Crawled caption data
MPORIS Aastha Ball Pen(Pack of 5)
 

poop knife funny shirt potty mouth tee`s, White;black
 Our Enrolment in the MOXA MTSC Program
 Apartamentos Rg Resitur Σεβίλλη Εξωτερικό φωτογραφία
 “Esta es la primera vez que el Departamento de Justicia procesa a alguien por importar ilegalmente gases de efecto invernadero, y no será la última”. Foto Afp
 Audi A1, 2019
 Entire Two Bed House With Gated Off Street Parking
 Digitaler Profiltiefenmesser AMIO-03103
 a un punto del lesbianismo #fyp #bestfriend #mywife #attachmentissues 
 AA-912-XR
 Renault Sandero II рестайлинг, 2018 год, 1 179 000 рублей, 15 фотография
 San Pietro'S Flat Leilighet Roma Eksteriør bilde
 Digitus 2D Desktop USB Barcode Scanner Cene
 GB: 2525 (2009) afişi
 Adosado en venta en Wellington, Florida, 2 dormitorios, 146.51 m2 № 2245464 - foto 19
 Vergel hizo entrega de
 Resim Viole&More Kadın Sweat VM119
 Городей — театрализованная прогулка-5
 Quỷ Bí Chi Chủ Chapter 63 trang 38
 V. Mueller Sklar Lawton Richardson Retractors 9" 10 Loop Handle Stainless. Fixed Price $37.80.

WHAT TO WORK ON -
Given the data above, transcribe exactly the lines from the one containing "Apartamentos Rg Resitur" down to the one containing "Digitaler Profiltiefenmesser AMIO-03103", and no others.

EXERCISE SOLUTION -
 Apartamentos Rg Resitur Σεβίλλη Εξωτερικό φωτογραφία
 “Esta es la primera vez que el Departamento de Justicia procesa a alguien por importar ilegalmente gases de efecto invernadero, y no será la última”. Foto Afp
 Audi A1, 2019
 Entire Two Bed House With Gated Off Street Parking
 Digitaler Profiltiefenmesser AMIO-03103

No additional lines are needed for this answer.